Faraway in Canada’s Rocky Mountains, in the Kananaskis mountain range, among the few mountains with names that are hard to remember, there is one name that rings a bell with every citizen of Serbia. Putnik. It was named, neither more nor less but after the Serbian Duke, Radomir Putnik.
Canadians named it that in 1918, after the horrible war that raged on around the world for the whole four years and in which Serbians were allies. In appreciation of the sacrifices of Chief of the General Staff of the Serbian army who in the Battle of Cer inflicted the first defeat on Central Powers in WWI, they dedicated a piece of their land to him.
The Duke knew how to win against an overwhelmingly strong enemy, but when he was losing, he was losing in a way that left the honor of Serbia intact. After the Tripartite invasion of Central Powers on Serbia, at the end of 1915, instead of a humiliating separate peace, he ordered a retreat of the Serbian army towards Kosovo and Albanian seaside across the Albanian mountains. This event is known as the Serbian army’s retreat through Albania, or “Albanian Golgotha”, for numerous losses that the Serbian army suffered. It is estimated that from the beginning of the retreat 72,000 lives were lost.

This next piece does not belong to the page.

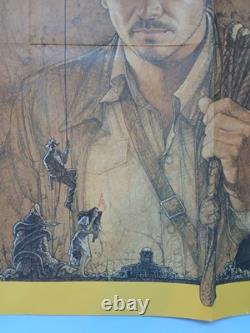 RAIDERS OF THE LOST ARK (1981) original UK quad poster Richard Amsel art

A hundred years after the WWI ended, Ravna Gora Serbian Heritage Society from Calgary, the biggest city of Canadian province Alberta (to which mountain Putnik belongs) and the group of people from Edmonton, immortalized the Putnik mountain by unveiling and consecrating the memorial plaque on which are carved the following words in English:
“Mount Putnik is named in perpetual remembrance of the men and women of the allied armed forces in Serbia and their leader Field Marshal Radomir Putnik (1847-1917). Serbia lost a quarter of its population, both army and civilian, during WWI (1914-1918). This sacrifice was part of Canadian and Allied efforts in Europe against three empires to protect the rights and freedoms of humankind.”
Mountain range Kananaskis is an extremely popular tourist attraction of Canada. Ergo, Canadian Serbs are very proud to have something “of their own” on this side of the globe. Even though they are thousands of miles away, Serbians residing in Serbia may never see the mount Putnik, but they are still extremely proud as well.